→ **Your task**
I'd like the entries that follow repeated exactly, with the pictures left out.

** Opening Data for this task block **

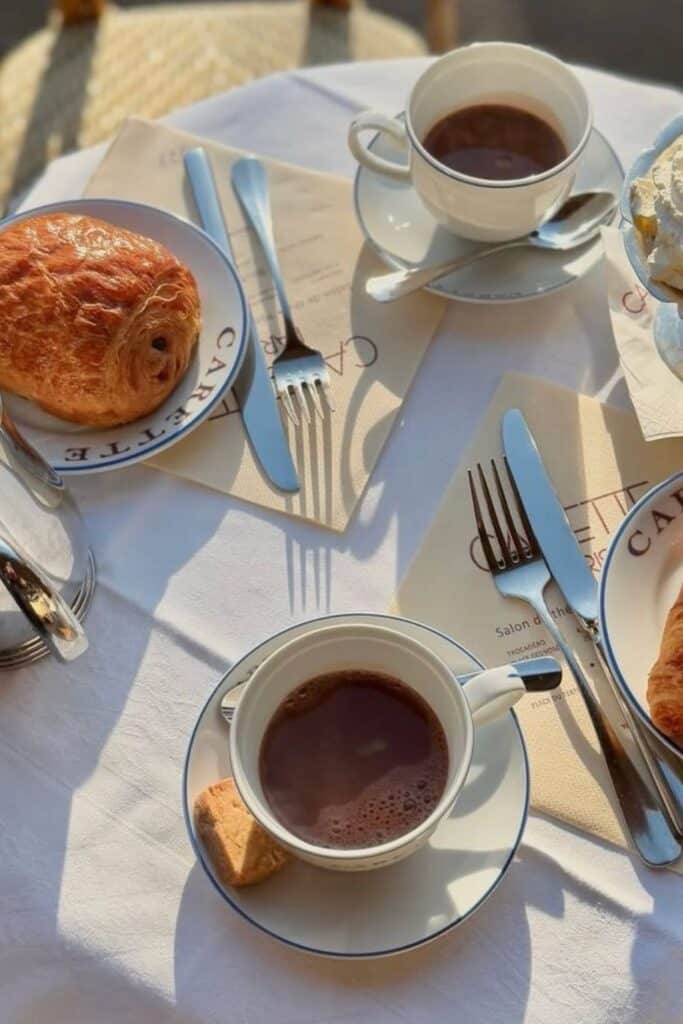 A sunlit table at Carette in Paris, featuring two cups of the best hot chocolate in Paris, served with buttery pastries and crisp tableware.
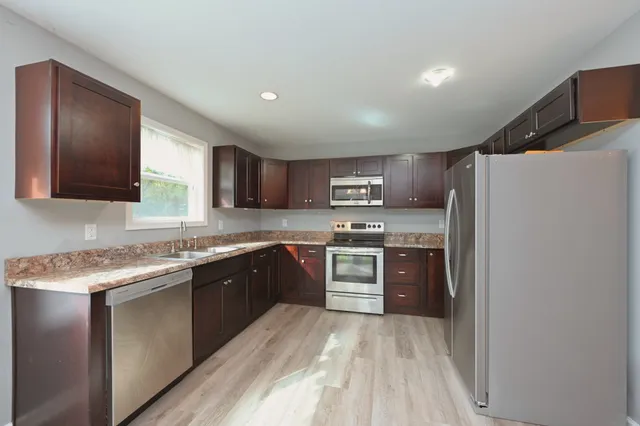 a kitchen with stainless steel appliances granite countertop a refrigerator a sink dishwasher a oven with white cabinets and wooden floor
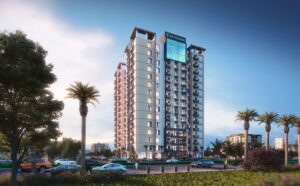 Modern high-rise residential building named Da Manara with balconies and glass facade, surrounded by palm trees, greenery, and cityscape under a clear blue sky.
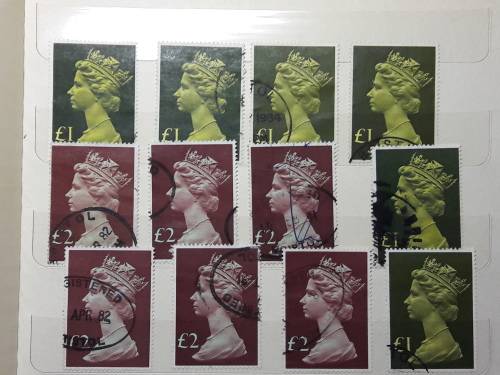 STAMP ALBUM WITH 230 STAMPS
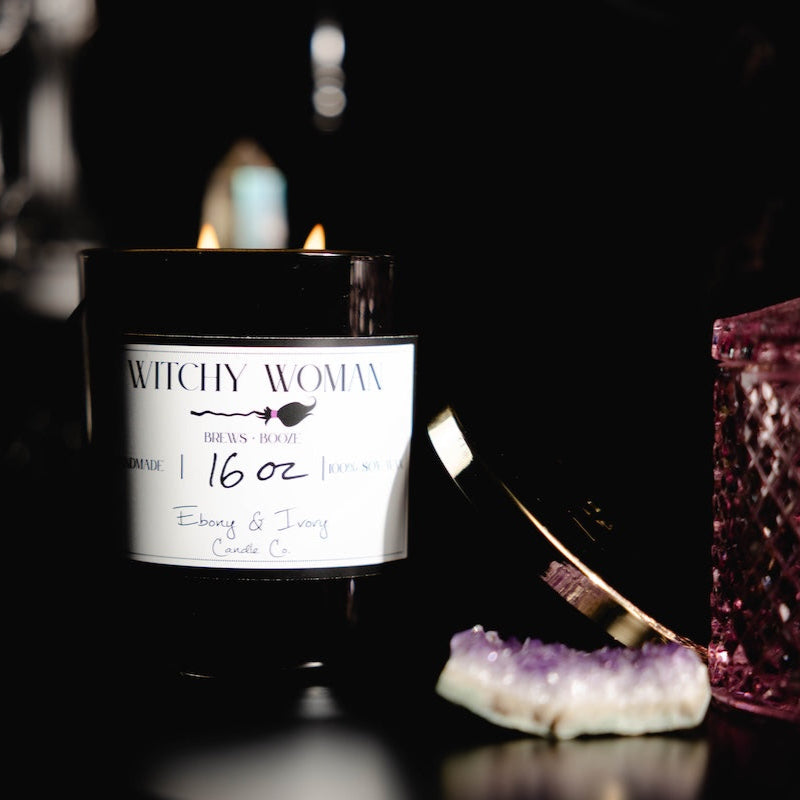 Black 16oz soy candle with a white label named "witchy woman" on a dark background with witchy decor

** Closing Data for this task block **

→ **Written reply**
 A sunlit table at Carette in Paris, featuring two cups of the best hot chocolate in Paris, served with buttery pastries and crisp tableware.
 a kitchen with stainless steel appliances granite countertop a refrigerator a sink dishwasher a oven with white cabinets and wooden floor
 Modern high-rise residential building named Da Manara with balconies and glass facade, surrounded by palm trees, greenery, and cityscape under a clear blue sky.
 STAMP ALBUM WITH 230 STAMPS
 Black 16oz soy candle with a white label named "witchy woman" on a dark background with witchy decor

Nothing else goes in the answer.